Charges You Agreed To
First, check your statement to make sure you are being billed only for the services you requested. Some amounts are frequently called “recurring charges,” because you pay the same cost each month. You may have to refer back to the contract or service agreement to know what services you signed up for. Many plans offer—at an additional cost—text messaging, three-way calling, extended hours, or additional minutes. You don’t want to be charged for a service you didn’t order.
Before you sign a wireless service contract, get a good explanation of the cost to you of each extra item. Ask for a sample statement that includes only the features you ordered, so you won’t find any surprises when you get your first bill. Your first bill shouldn’t be the first time you see all of the charges. After you have signed the contract, you typically will be locked into those fees for the rest of the contract. If you see a charge on your statement that isn’t correct, contact your provider.
Charges That Add Up
Next, check your wireless statement to make sure you’ve selected the right service plan. Before you got your cell phone, you had to guess how much you would use it. After you have used your cell phone for a while, you have a better idea of how much time you need by studying your statements. You don’t want to pay too much and have a plan with more minutes than you routinely use, but you also don’t want to pay a lot extra each month if you go over your maximum minutes.
Cell phone costs are calculated differently than for regular land lines. You are probably accustomed to paying the flat monthly charge for unlimited local calls and per-minute charges for long-distance calls you make on your land line. Most wireless services charge by the minute for all calls that you make and for those you receive . Depending on your wireless service, you may also see “roaming” charges at a higher per-minute cost if you make calls outside the service’s calling area.

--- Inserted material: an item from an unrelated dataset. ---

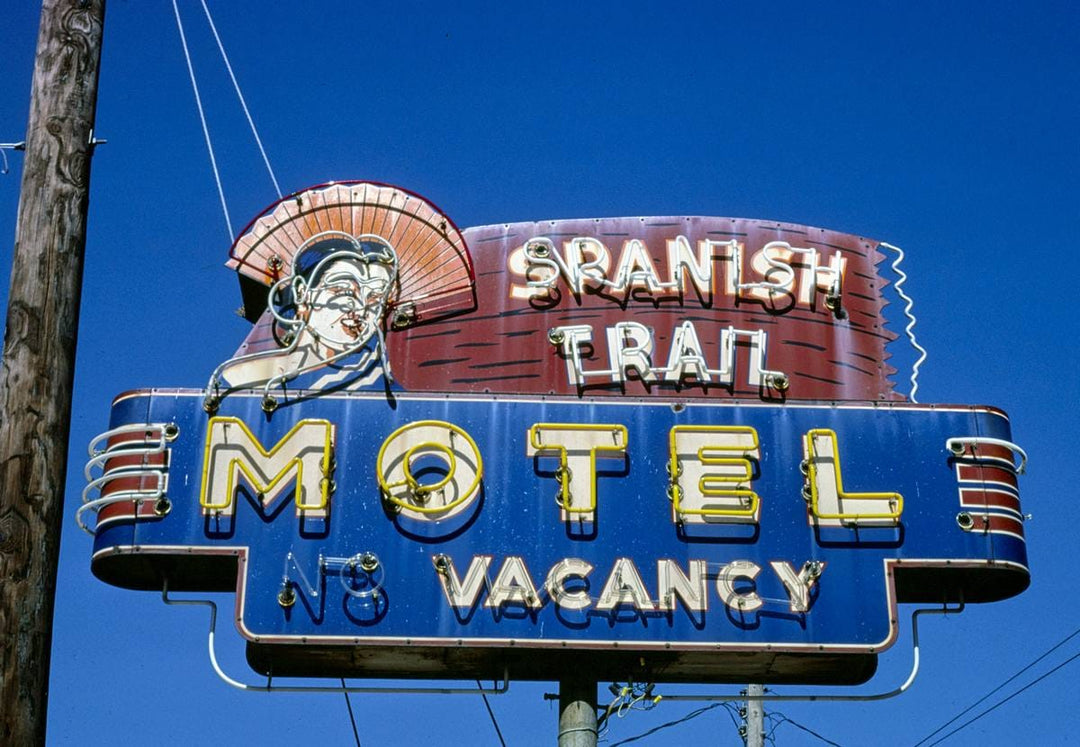 Historic Photo : 1979 Spanish Trail Motel sign, Pensacola, Florida | Margolies | Roadside America Collection | Vintage Wall Art :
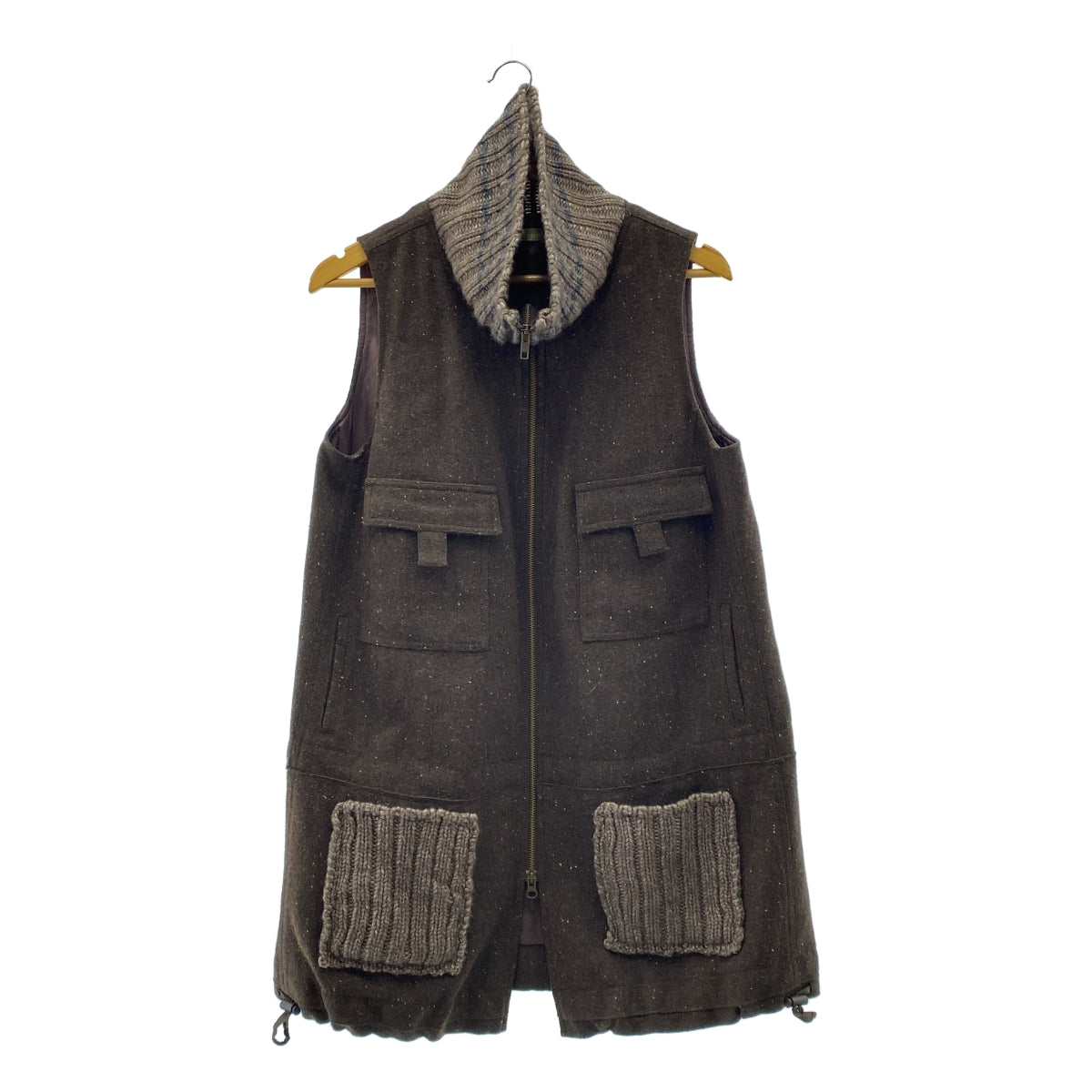 i+mu / イム | センソユニコ / ウール ニット切替 ロングジレ | 40 | レディース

Most cell phone companies offer a trial period; however, it is seldom long enough to let you review your first bill before hefty contract termination penalties kick in. Many cell companies allow you to move to a different plan with more—or fewer—minutes. Before you change plans, be sure you find out if you will be charged any new fees, or if you will have to extend the length of your contract.
Charges You Don’t Understand
You expect to have to pay federal and local taxes. But your cell bill may have several other charges that sound like taxes or government fees. These go by a variety of names, such as “regulatory cost recovery,” “Federal Universal Service,” “E-9-1-1,” or “number portability.” The government does not require the companies to collect these fees. They are the business costs to comply with government regulations. If you see a fee you don’t understand, ask your carrier to explain.
When You Have a Question or Complaint
First go to your service provider for answers or to resolve your issue. Try to negotiate with the company if you think you have been wrongly charged. You should file complaints with the Federal Communications Commision and with the Better Business Bureau.